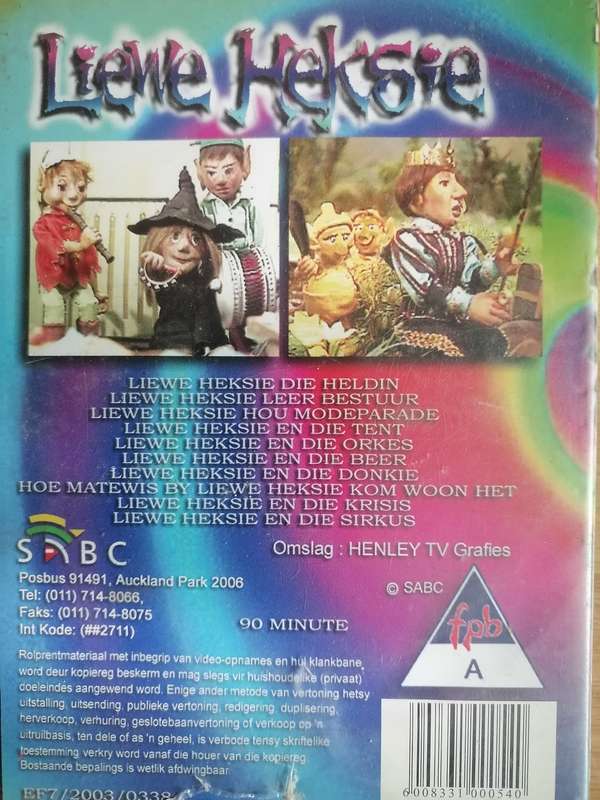 DVD, Liewe Heksie TV reeks soos gesien in laat 1970's,  goeie toestand..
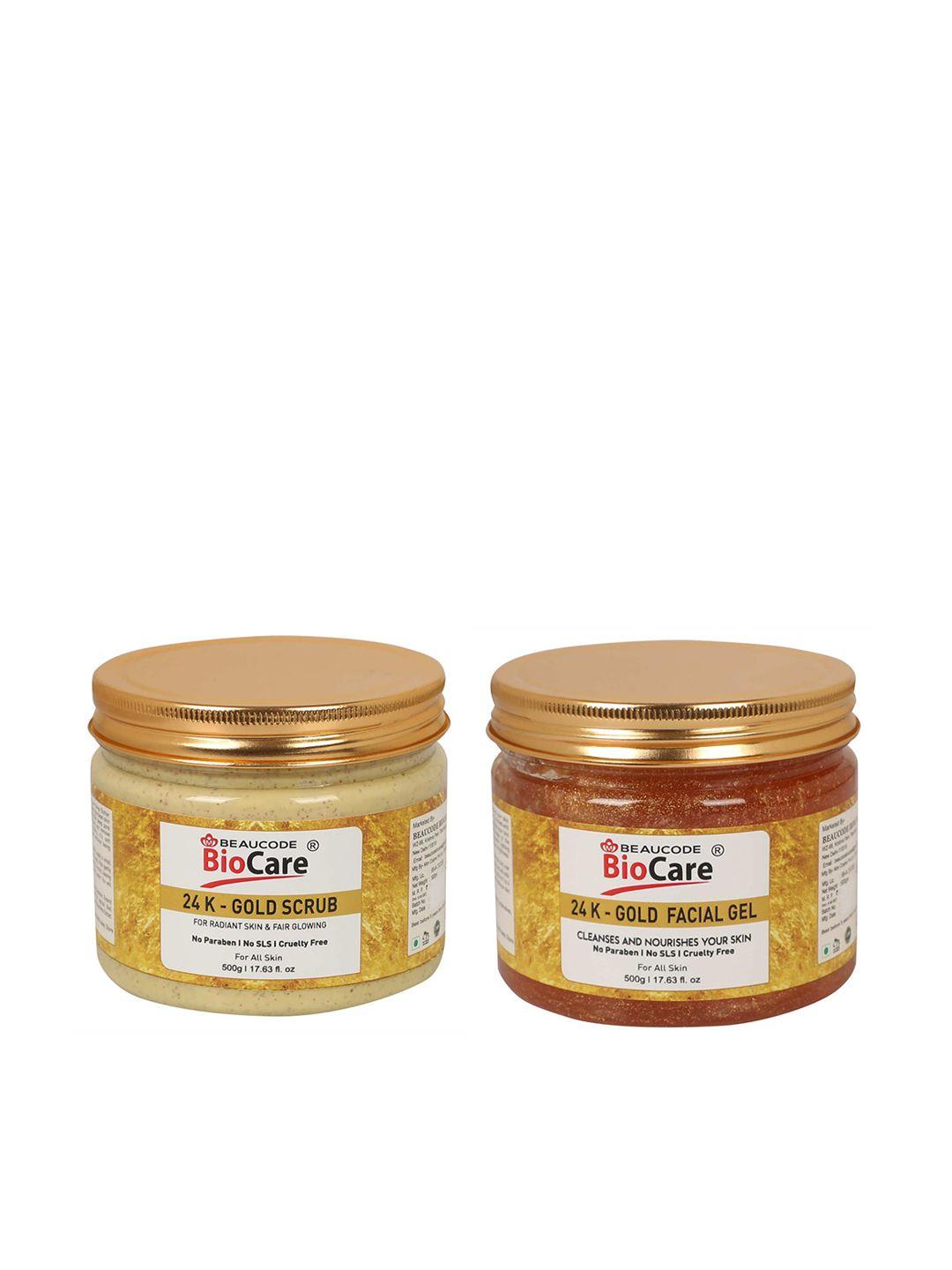 beaucode biocare set of 2 24k gold face and body scrub and gel 1kg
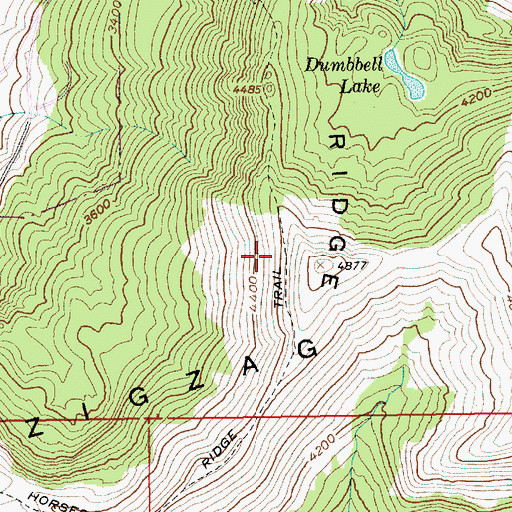 Topographic Map of Horseshoe Ridge Trail, OR
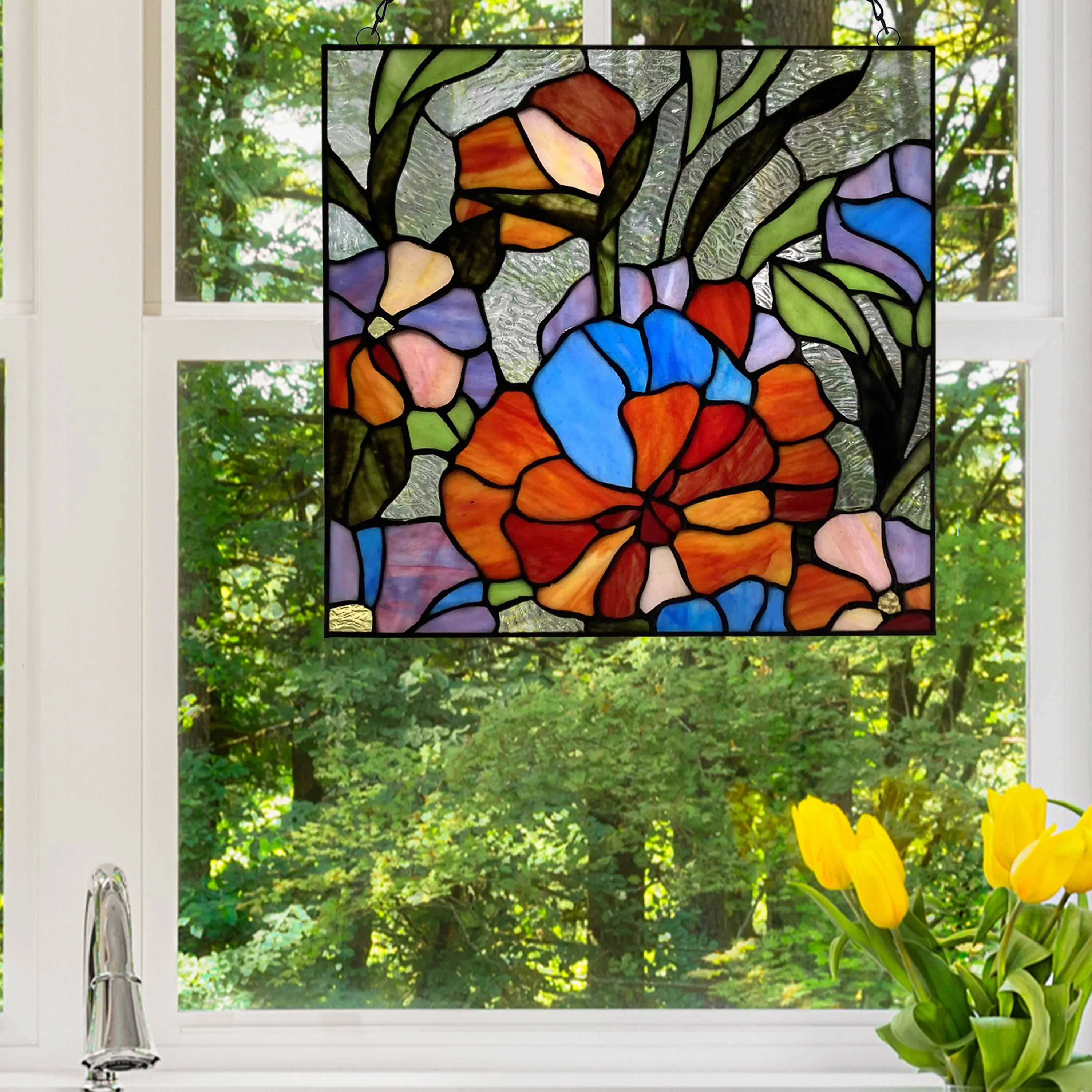 14"H Red Flower Garden Stained Glass Window Panel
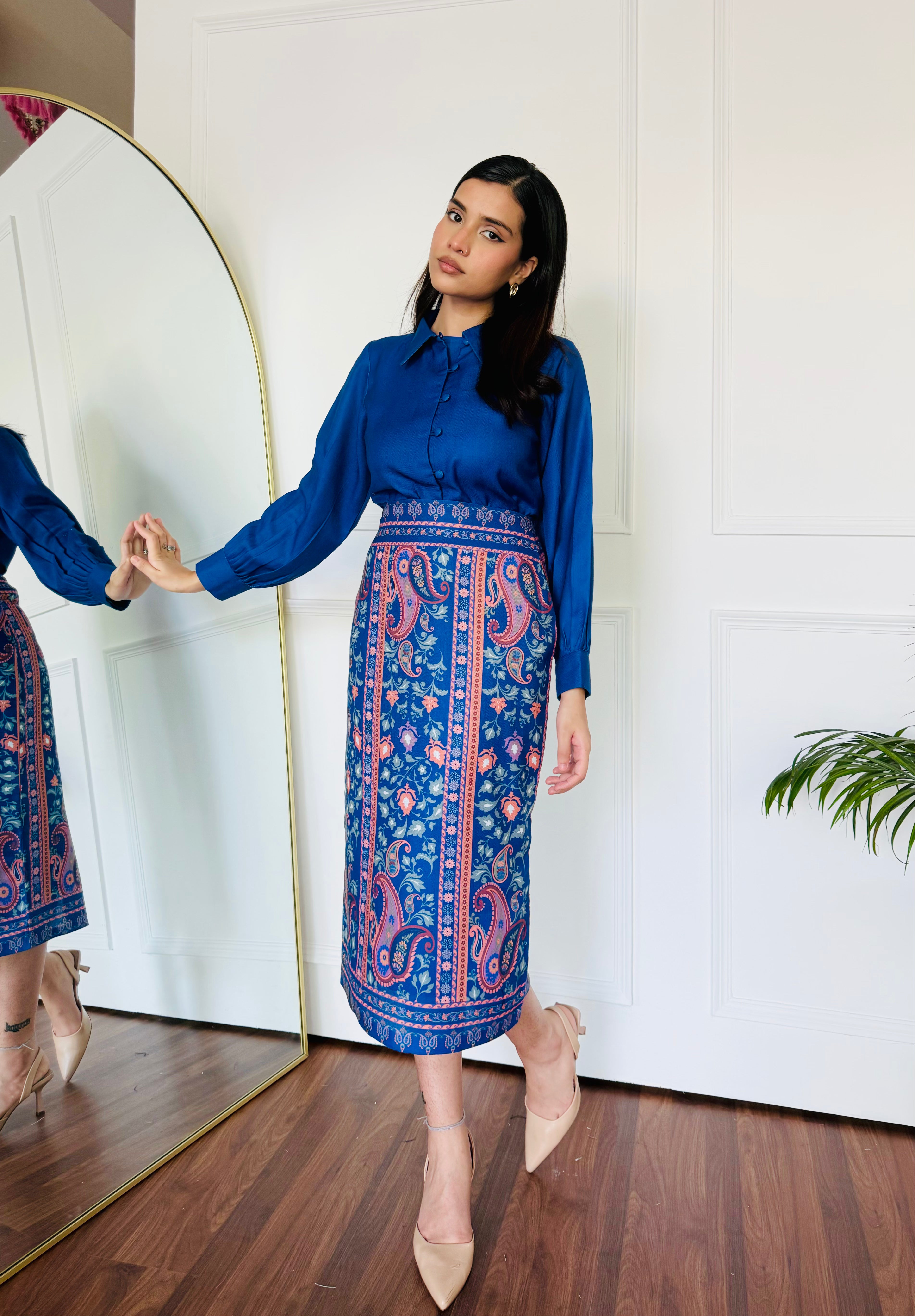 Timeless Blue Skirt Set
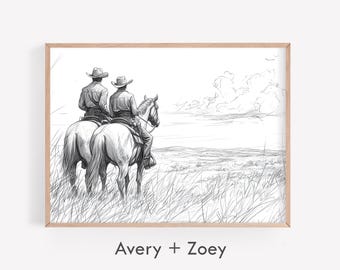 Cowboy Drawing II, Cowboys On Horses Sketch Wall Décor, Neutral Horse Drawing PRINTABLE, Black And White Southwest Digital Download Wall Art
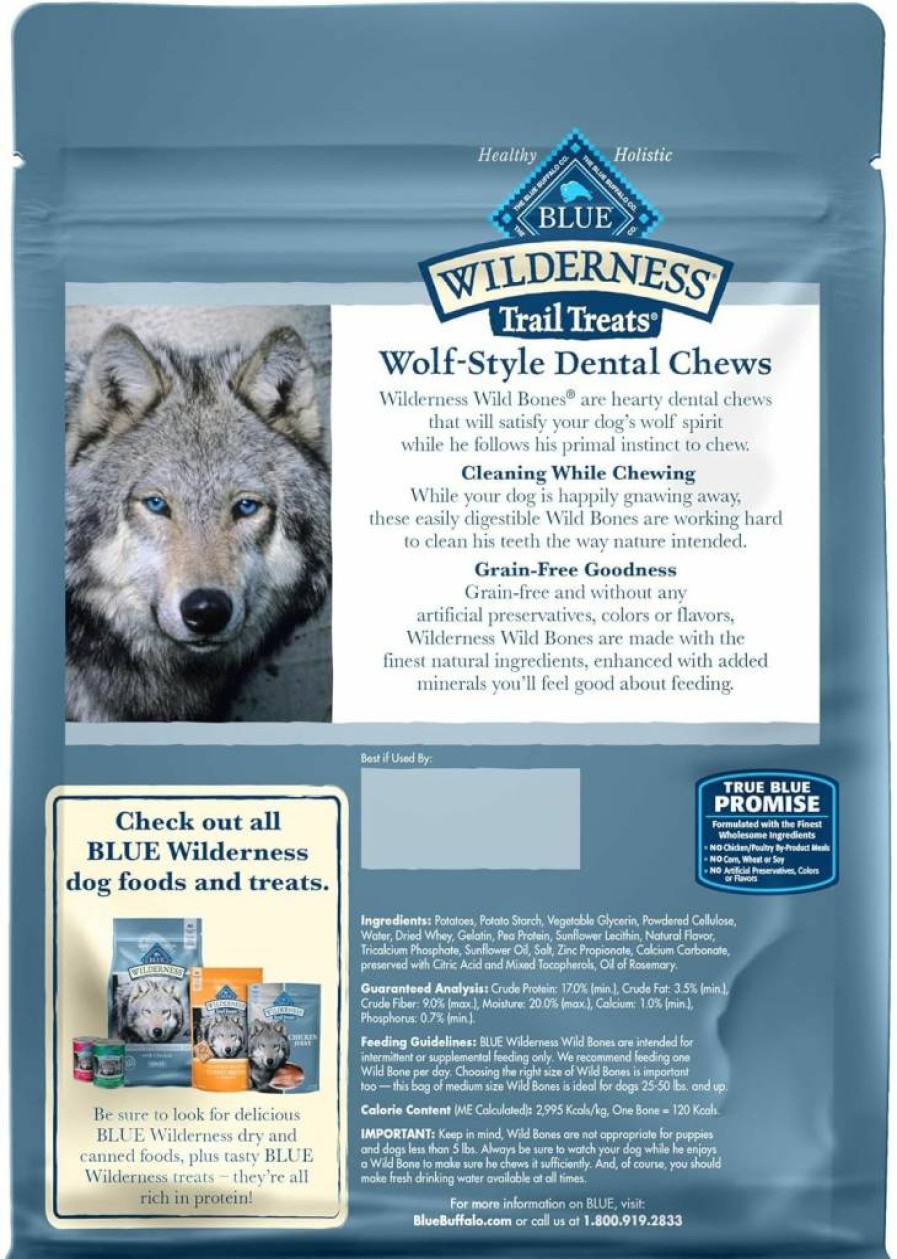 Blue Buffalo Wilderness Grain-Free Dental Chews for Medium Dogs, Wild Bones Flavor, 27oz Bag – Natural Dog Treats for Oral Health
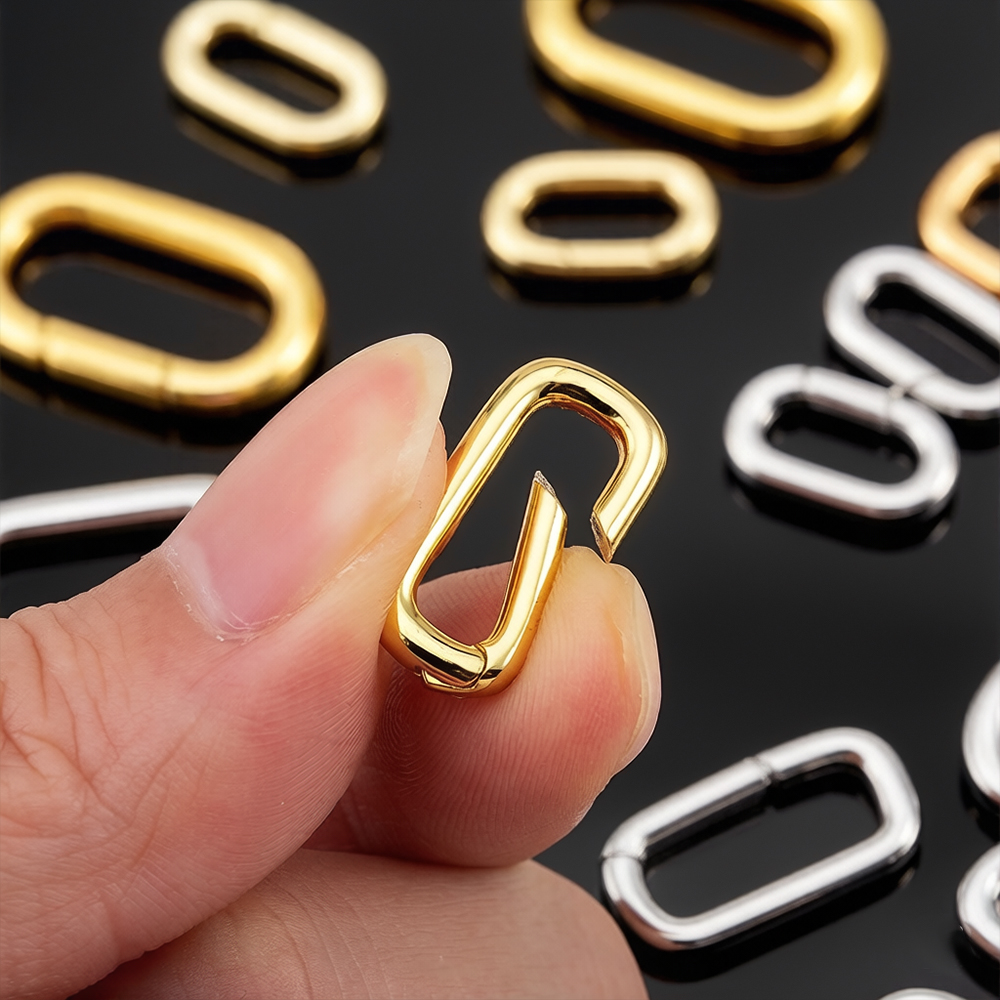 Jewelry Making Material - 2 Stück 18K vergoldete ovale Karabiner-Halskettenverschlüsse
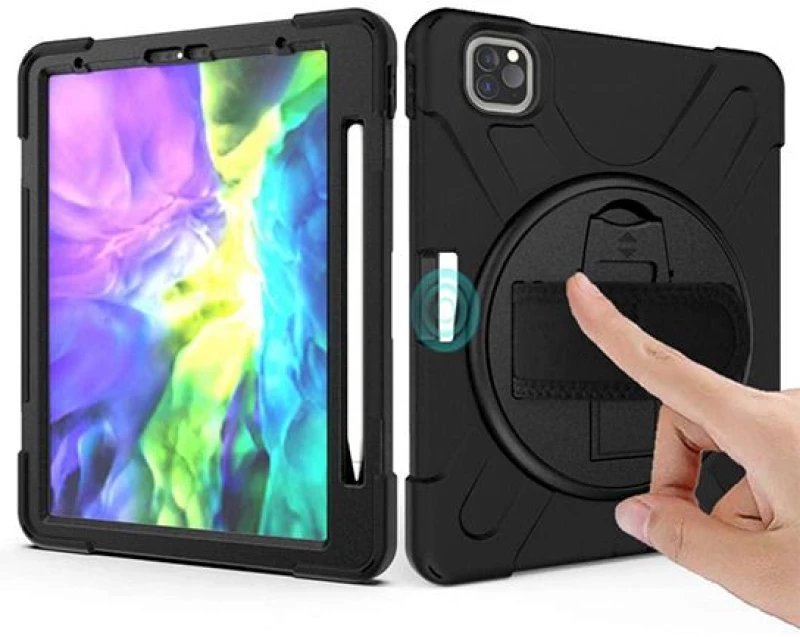 Θήκη TECH PROTECT SURVIVE Securit για Apple iPad 12.9 (2020 - 4th gen), με χειρολαβή & ιμάντα ώμου , polybag edt - ΜΑΥΡΟ - MWB-CIPDP129-013-BLK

**Task requirements:**
The lines from the one with "beaucode biocare set" to the end of the data above should be retyped exactly, both ends included, and pictures are to be left out.

**Result:**
 beaucode biocare set of 2 24k gold face and body scrub and gel 1kg
 Topographic Map of Horseshoe Ridge Trail, OR
 14"H Red Flower Garden Stained Glass Window Panel
 Timeless Blue Skirt Set
 Cowboy Drawing II, Cowboys On Horses Sketch Wall Décor, Neutral Horse Drawing PRINTABLE, Black And White Southwest Digital Download Wall Art
 Blue Buffalo Wilderness Grain-Free Dental Chews for Medium Dogs, Wild Bones Flavor, 27oz Bag – Natural Dog Treats for Oral Health
 Jewelry Making Material - 2 Stück 18K vergoldete ovale Karabiner-Halskettenverschlüsse
 Θήκη TECH PROTECT SURVIVE Securit για Apple iPad 12.9 (2020 - 4th gen), με χειρολαβή & ιμάντα ώμου , polybag edt - ΜΑΥΡΟ - MWB-CIPDP129-013-BLK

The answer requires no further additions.